Kumba Iron Ore, which operates primarily in South Africa, is the business unit of Anglo American and the leading supplier of high-quality iron ore to the global steel industry.

Horing started her company, Loading Techniques, in 2017 after searching for a business model that would benefit Postmasburg’s community members.

“The purpose of the company back then was the provision of training within the local community of Postmasburg. Training, unfortunately, did not work out, and we ultimately branched out into transportation and mining supplies,” she said.

When branching into the transport and mining industry, she noticed that it was male-dominated, and therefore the proposals they were submitting were not receiving positive responses until 2021.

Horing said: “Kumba Iron Ore advertised a tender for employee bus transportation services. We went through an extensive process of presentations to the client.”

Blazing a trail for women in transport to drive community upliftment
When branching into the transport and mining industry, Vallery Horing says she noticed it was male-dominated, and therefore the proposals they were submitting were not receiving positive responses until 2021. Picture: Supplied

After the contract was awarded in December 2021, the next challenge she had to deal with was funding the vehicles, as it was a requirement of the contract that new vehicles be introduced.

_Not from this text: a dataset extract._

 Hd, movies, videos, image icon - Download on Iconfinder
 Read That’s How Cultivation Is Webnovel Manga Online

Anglo American’s enterprise development arm, Zimele, then approached Horing to apply to them for funding. Horing credits much of her success to the mentorship and funding she received from Zimele.

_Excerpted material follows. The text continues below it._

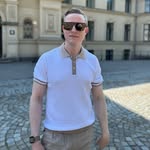 Richard Beaumont Forsland - @richard.beaum0nt - Instagram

Zimele’s focus is on developing sustainable livelihoods within host communities, and to help create something sustainable for people living around the mines.

Zimele facilitated the loan that allowed Horing to buy four 23-seater buses and a 65-seater bus. Those vehicles transport staff within the Kolomela mine, from pits to sites, within the mine, and from offices to pits.

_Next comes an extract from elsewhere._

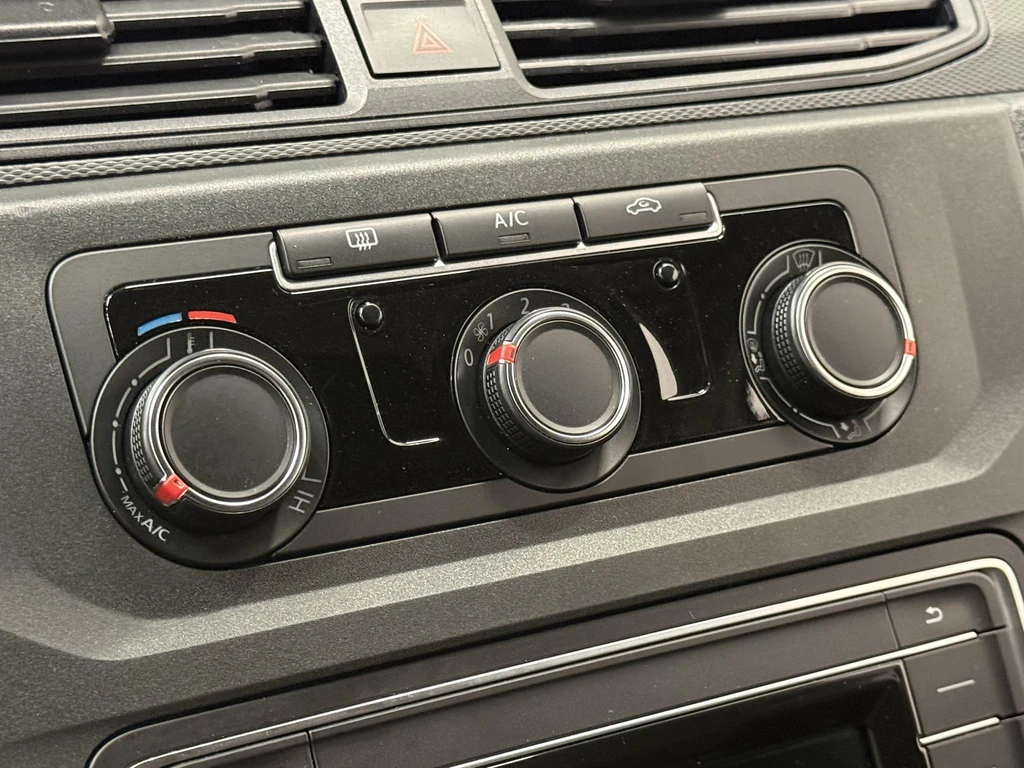 Volkswagen Caddy – foto 24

Loading Techniques operates five buses and employs 30 people, mainly from the community, after winning a multimillion-rand staff transport contract at Kolomela mine.

“This is exactly what was envisioned when the company was established, changing one life at a time, and ultimately impacting a whole community,” Horing said.

In terms of further contributing to the community, they are currently establishing CSI projects in conjunction with Anglo American which will be rolled out in 2023. She said this would be their main drive in terms of community-based projects next year.

When asked how she navigated through this male-dominated industry, she said: “As women, we should never limit ourselves. There are going to be ups and downs, but you have to stay the course. With faith and determination, you will surely reach your goal.”

She further encouraged women to pursue their dreams and focus on excelling in male-dominated spaces to show that women can thrive in any industry.

For Horing, the dream is just beginning. She aims to expand her fleet to include trucks that work within the mining operations in the Postmasburg area, and in so doing create even more job opportunities in the local community.

“There’s so much potential to create a business that really makes a difference to the people. I believe that by giving one person an opportunity you impact a household, and ultimately a community.”